Bruxelles, 09/06/2006 (Agence Europe) - La Commission européenne présentera lundi au Conseil un jeu de scénarios sur lequel les Etats membres devront trancher pour contribuer à la mise en place du « Temporary International Mechanism » (TIM) décidée par le Quartette afin de maintenir l'aide aux Palestiniens mais avec l'assurance qu'aucun euro n'ira à Hamas. Si ce plan est, dans un premier temps, accepté par le Conseil et, ensuite, approuvé par le Quartette, la Commission européenne serait prête à verser rapidement les premières tranches d'aide.
De premiers chiffres sont avancés dans le texte soumis lundi au Conseil. Au total, l'aide européenne serait de l'ordre de 42 millions euros couvrant les dépenses des ministères à caractère social (santé et éducation). Mais pour les seuls salaires à devoir, le plus gros poste, 38,7 millions euros sont proposés en tant que contribution globale mensuelle mais dont seulement 31,4 millions seront effectivement versés aux fonctionnaires. Les 6,1 millions restants seront dépensés en coûts opérationnels et 1,2 million en frais de transfert. Ce texte a été soumis au Parlement européen (voir EUROPE n° 9207) pour consultation sur son orientation politique, son impact social et humanitaire mais aussi au parlement en tant qu'autorité budgétaire. Car l'aide aux Palestiniens devra puiser à la fois sur la ligne générale euroméditerranénne MEDA et sur les lignes spécifiques couvrant l'action communautaire au Moyen-Orient. Des correctifs budgétaires seront vraisemblablement nécessaires.

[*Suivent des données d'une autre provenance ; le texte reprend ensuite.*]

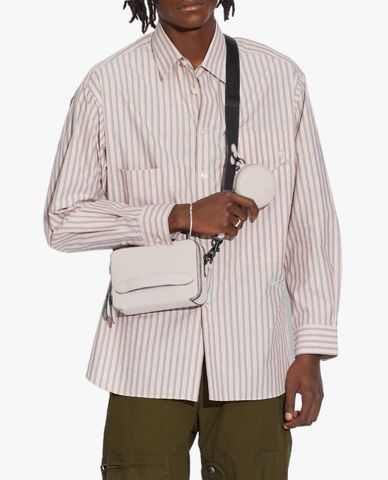  COACH - Túi đeo chéo nam chữ nhật Charter With Hybrid Pouch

La Commission européenne suggère d'assurer l'assistance directe au peuple palestinien mais en la focalisant sur les secteurs essentiels, du moins dans un premier temps, et ceci au moment où se tarissent les rentrées douanières. Celles-ci représentent, selon la Commission européenne, les deux-tiers des recettes fiscales de l'Autorité palestinienne, insuffisantes pour supporter la charge de salaires qui constituent 90% des dépenses dans le secteur de l'éducation et 60% dans celui de la santé. Les autres secteurs-cible concernent les factures liées aux approvisionnements de base (énergie) et les transferts financiers directs aux salariés. Sur ce dernier point, la Commission argumente en citant des conclusions tirées de la période de la seconde intifadha (période Sharon) par la Banque mondiale, elle-même hésitante à verser des salaires, pour affirmer l'impact positif d'une telle action sur l'état d'esprit de la population à laquelle auront été assurées les conditions de vie de base.

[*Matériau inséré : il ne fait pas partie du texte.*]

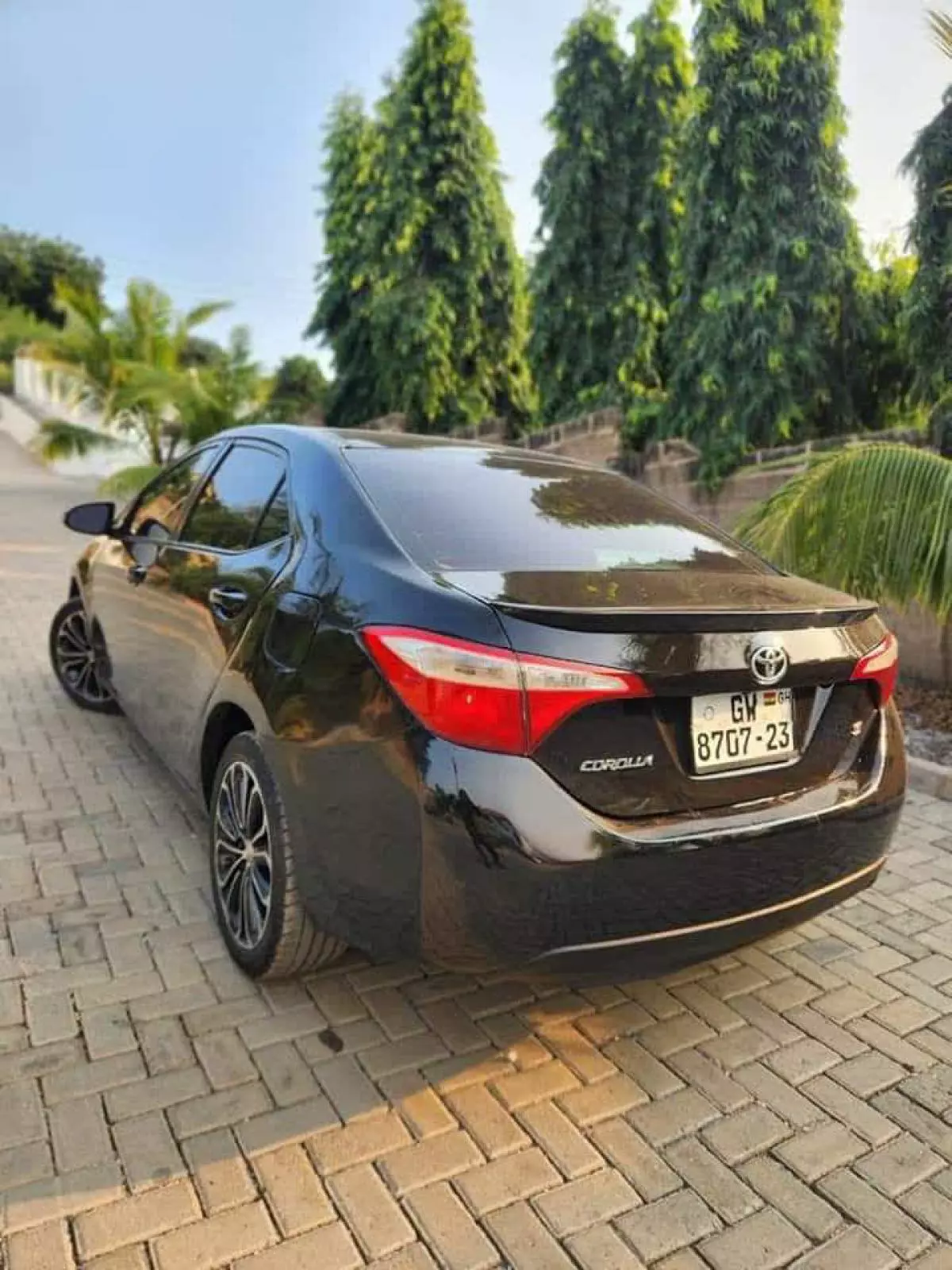 Toyota Corolla   - 2015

Sur le plan des modalités de fonctionnement du mécanisme TIM, la Commission européenne souligne le besoin d'être autorisée à avoir un contact direct avec l'administration palestinienne, d'une levée des entraves à l'accès bancaire et que le cabinet du Président Mahmoud Abbas joue le rôle « d'interface » et devienne l'interlocuteur direct des donateurs internationaux.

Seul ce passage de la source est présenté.